Leave out any pictures and transcribe all other data below exactly.

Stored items
_ _ _ _

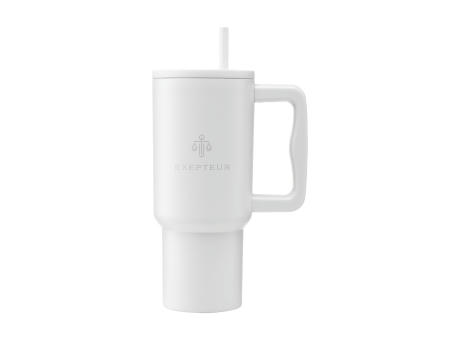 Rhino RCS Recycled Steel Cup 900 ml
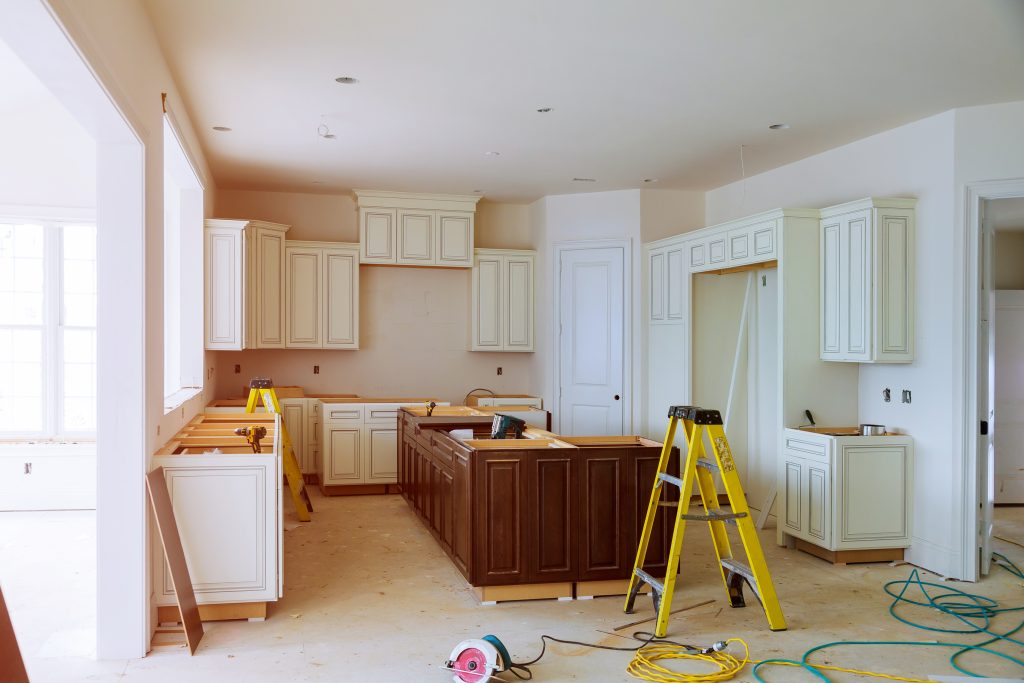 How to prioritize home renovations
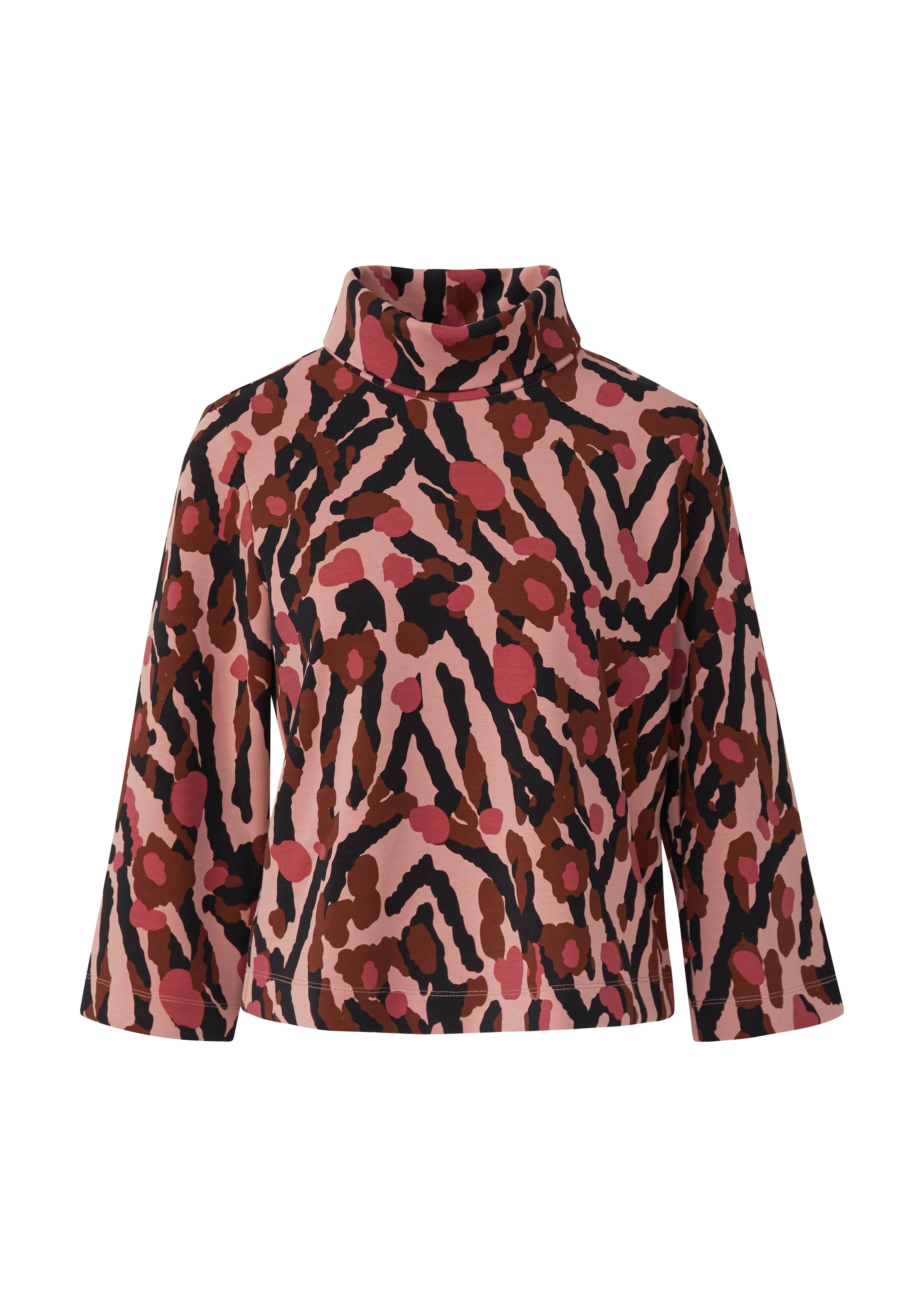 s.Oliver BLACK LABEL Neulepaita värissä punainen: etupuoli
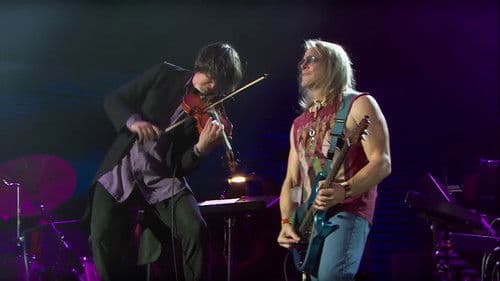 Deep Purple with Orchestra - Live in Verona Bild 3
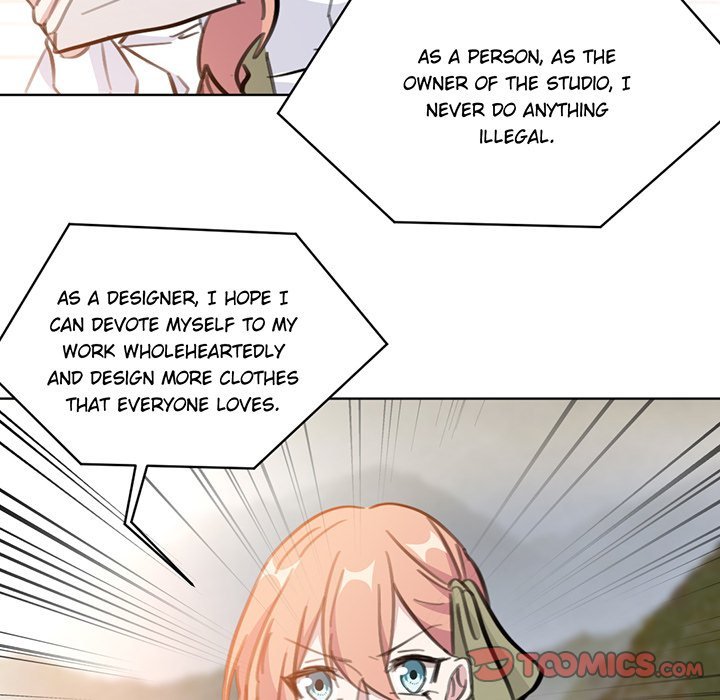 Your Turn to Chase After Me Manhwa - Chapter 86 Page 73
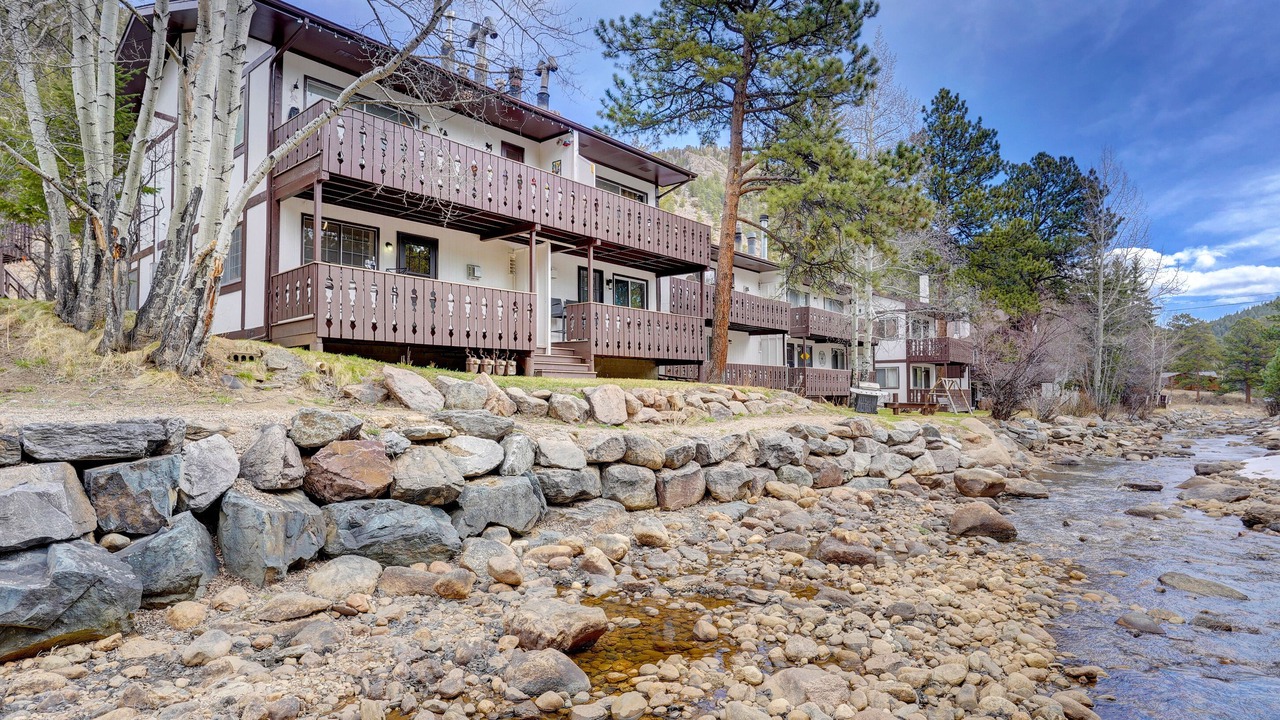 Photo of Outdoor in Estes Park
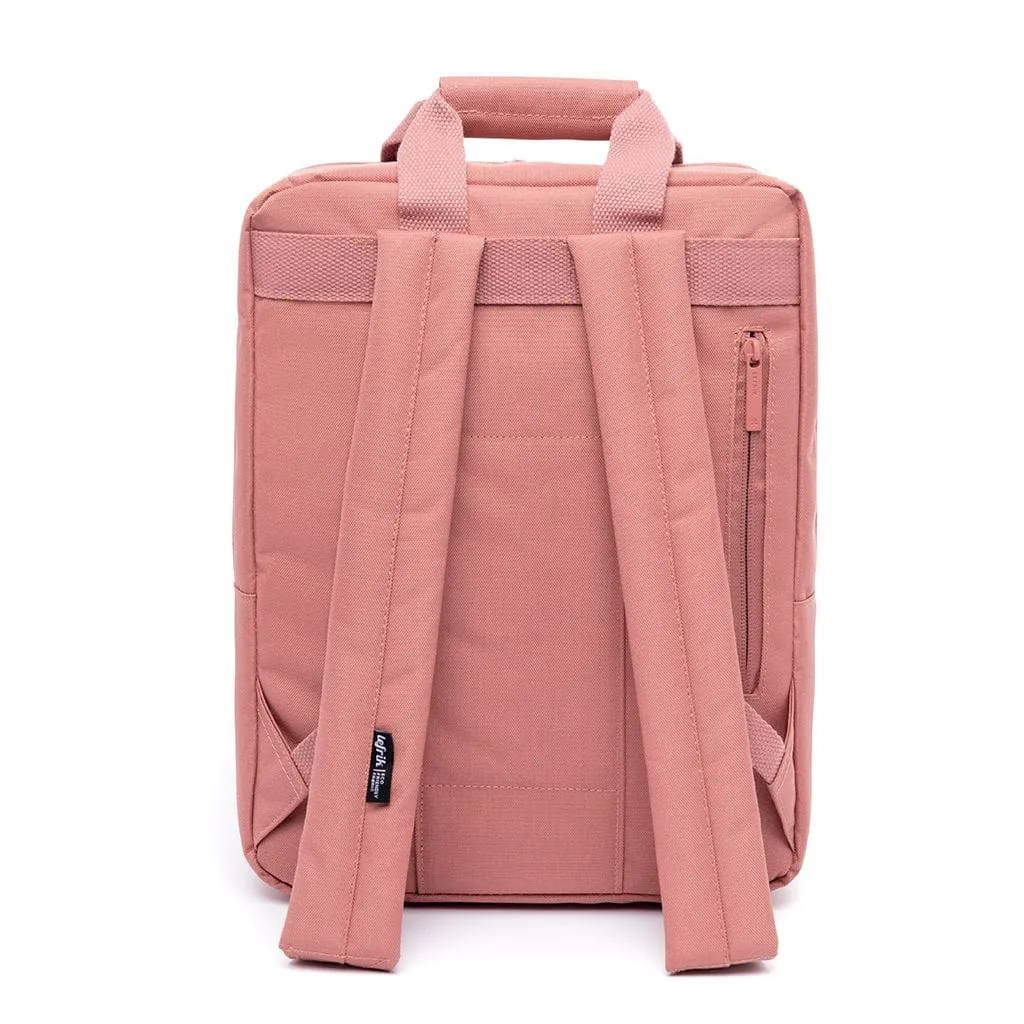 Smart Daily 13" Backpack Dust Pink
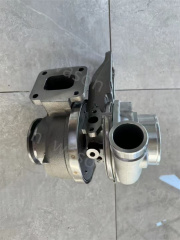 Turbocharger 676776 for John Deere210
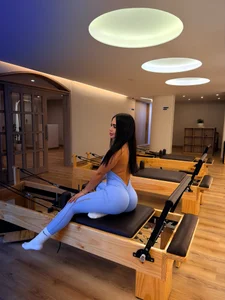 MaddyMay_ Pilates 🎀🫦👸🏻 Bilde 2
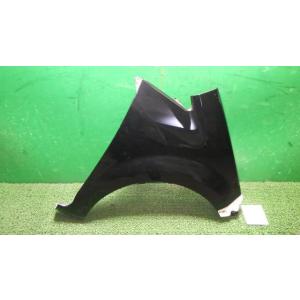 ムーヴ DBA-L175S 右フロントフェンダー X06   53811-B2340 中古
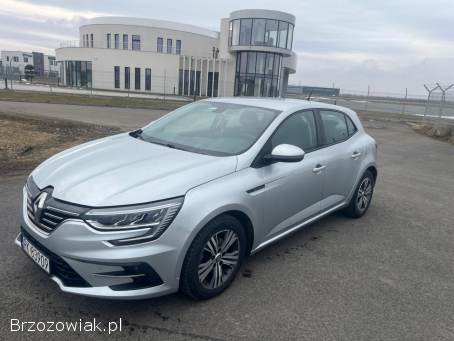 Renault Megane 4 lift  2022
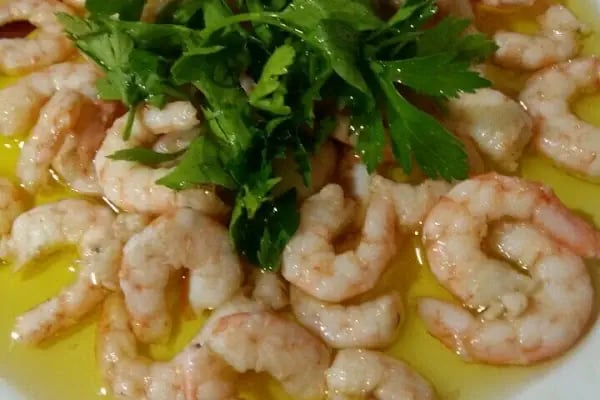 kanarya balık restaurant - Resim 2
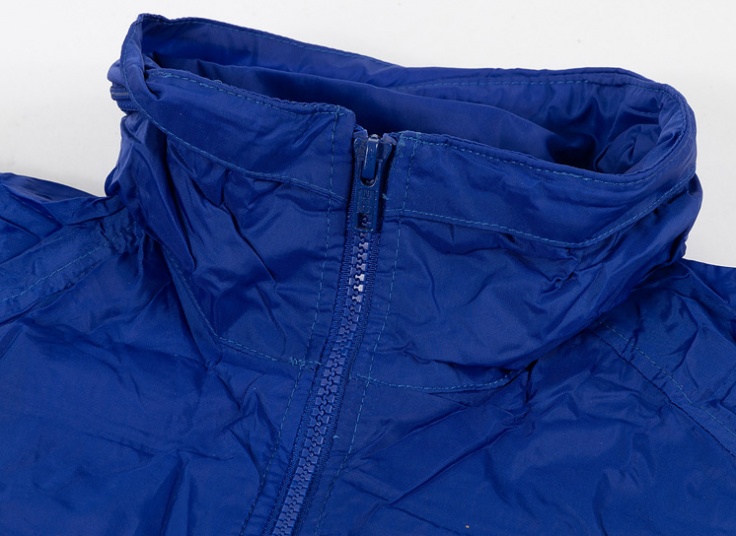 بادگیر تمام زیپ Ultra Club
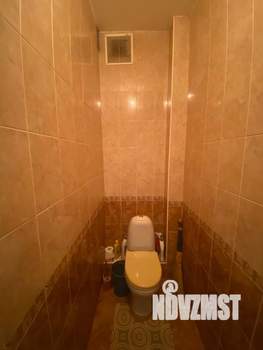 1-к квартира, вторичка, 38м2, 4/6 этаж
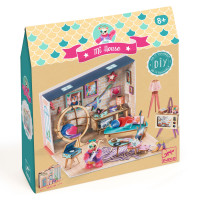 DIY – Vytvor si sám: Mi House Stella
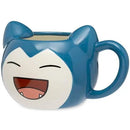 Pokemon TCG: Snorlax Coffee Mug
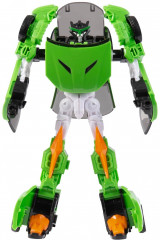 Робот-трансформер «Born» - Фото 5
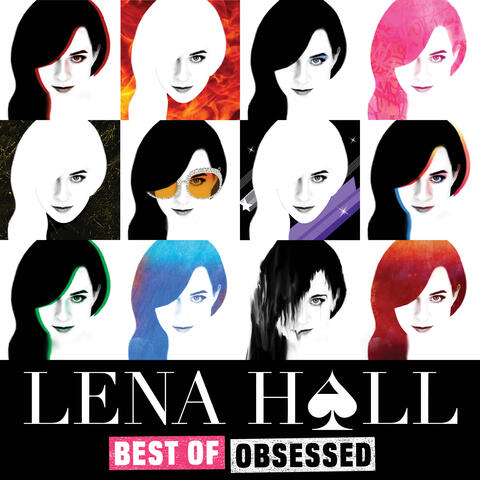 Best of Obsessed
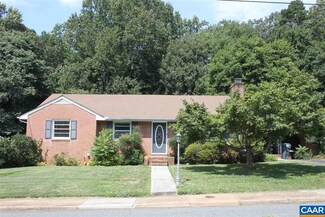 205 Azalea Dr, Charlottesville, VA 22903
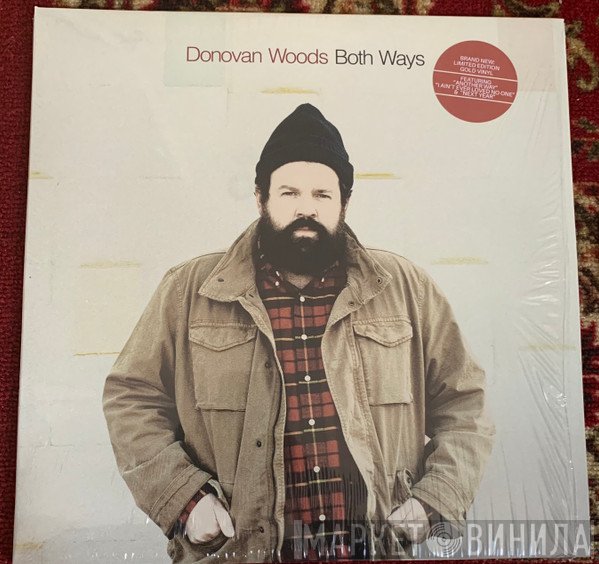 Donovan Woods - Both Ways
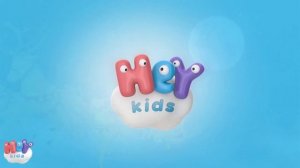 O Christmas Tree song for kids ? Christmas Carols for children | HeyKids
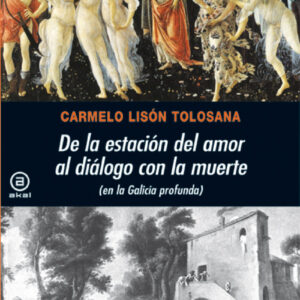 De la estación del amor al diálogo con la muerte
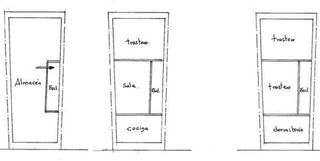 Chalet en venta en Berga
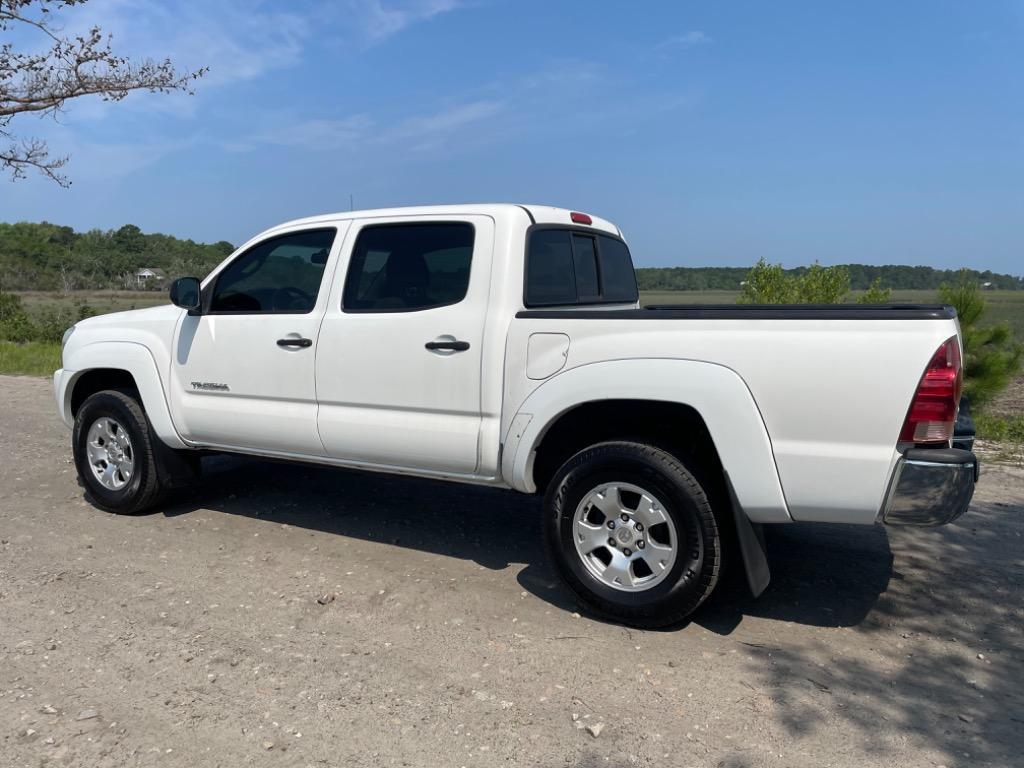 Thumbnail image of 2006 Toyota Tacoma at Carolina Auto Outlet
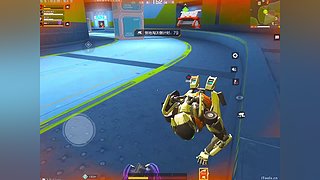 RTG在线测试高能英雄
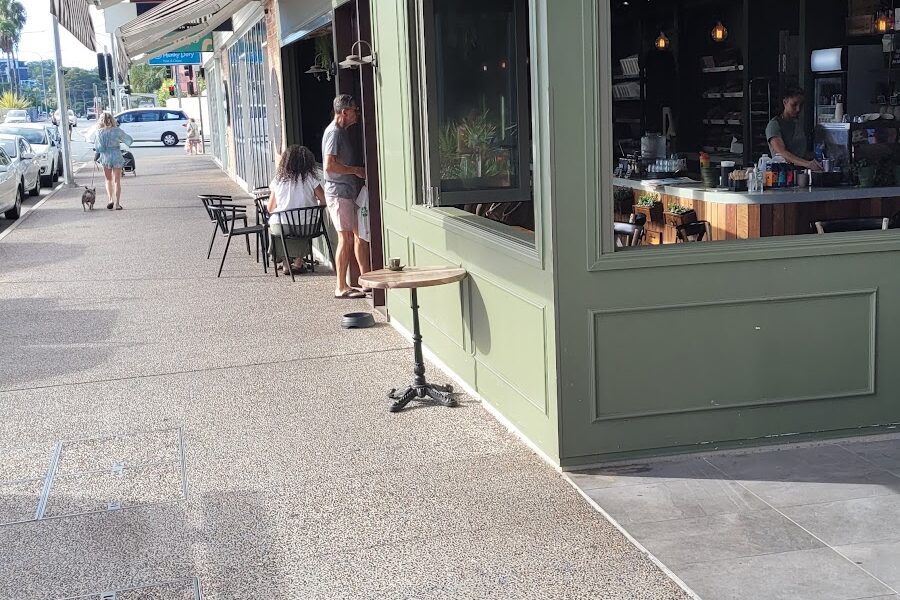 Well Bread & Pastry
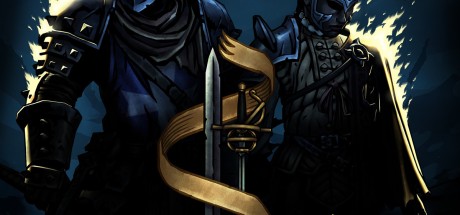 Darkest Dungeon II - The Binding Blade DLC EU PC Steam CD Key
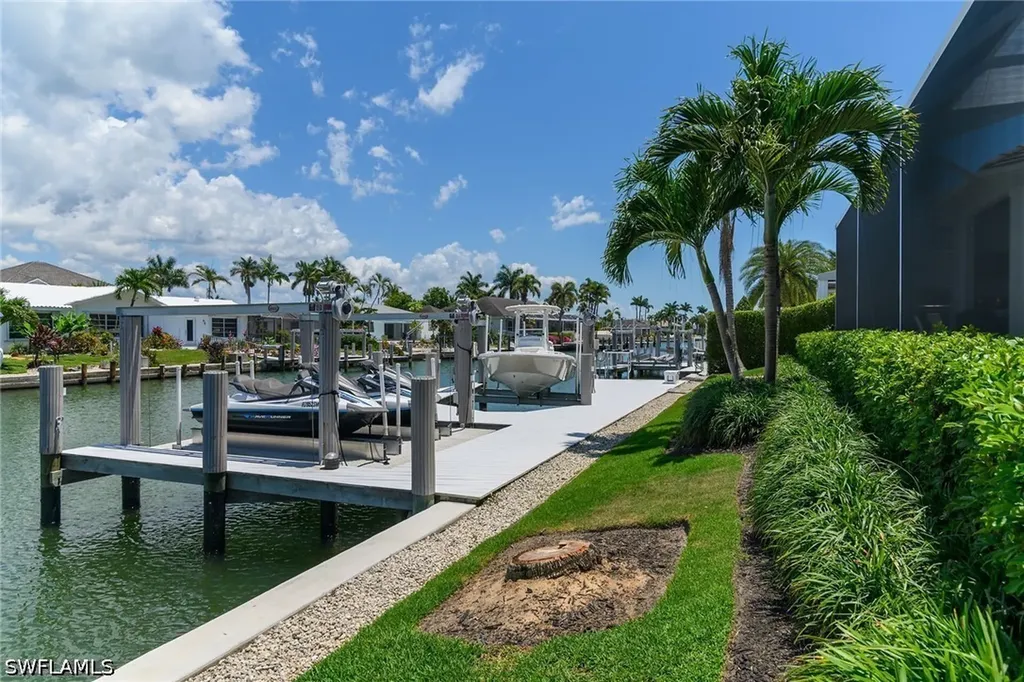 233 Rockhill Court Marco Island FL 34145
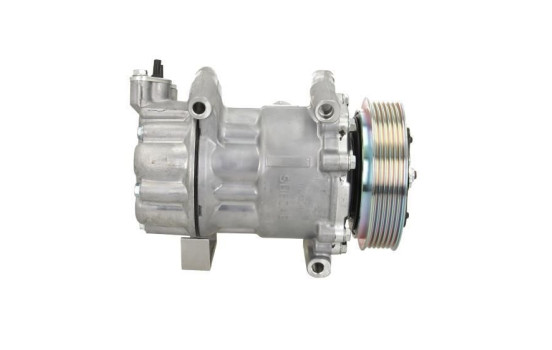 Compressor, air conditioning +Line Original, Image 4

_ _ _ _

- [Result]
 Rhino RCS Recycled Steel Cup 900 ml
 How to prioritize home renovations
 s.Oliver BLACK LABEL Neulepaita värissä punainen: etupuoli
 Deep Purple with Orchestra - Live in Verona Bild 3
 Your Turn to Chase After Me Manhwa - Chapter 86 Page 73
 Photo of Outdoor in Estes Park
 Smart Daily 13" Backpack Dust Pink
 Turbocharger 676776 for John Deere210
 MaddyMay_ Pilates 🎀🫦👸🏻 Bilde 2
 ムーヴ DBA-L175S 右フロントフェンダー X06   53811-B2340 中古
 Renault Megane 4 lift  2022
 kanarya balık restaurant - Resim 2
 بادگیر تمام زیپ Ultra Club
 1-к квартира, вторичка, 38м2, 4/6 этаж
 DIY – Vytvor si sám: Mi House Stella
 Pokemon TCG: Snorlax Coffee Mug
 Робот-трансформер «Born» - Фото 5
 Best of Obsessed
 205 Azalea Dr, Charlottesville, VA 22903
 Donovan Woods - Both Ways
 O Christmas Tree song for kids ? Christmas Carols for children | HeyKids
 De la estación del amor al diálogo con la muerte
 Chalet en venta en Berga
 Thumbnail image of 2006 Toyota Tacoma at Carolina Auto Outlet
 RTG在线测试高能英雄
 Well Bread & Pastry
 Darkest Dungeon II - The Binding Blade DLC EU PC Steam CD Key
 233 Rockhill Court Marco Island FL 34145
 Compressor, air conditioning +Line Original, Image 4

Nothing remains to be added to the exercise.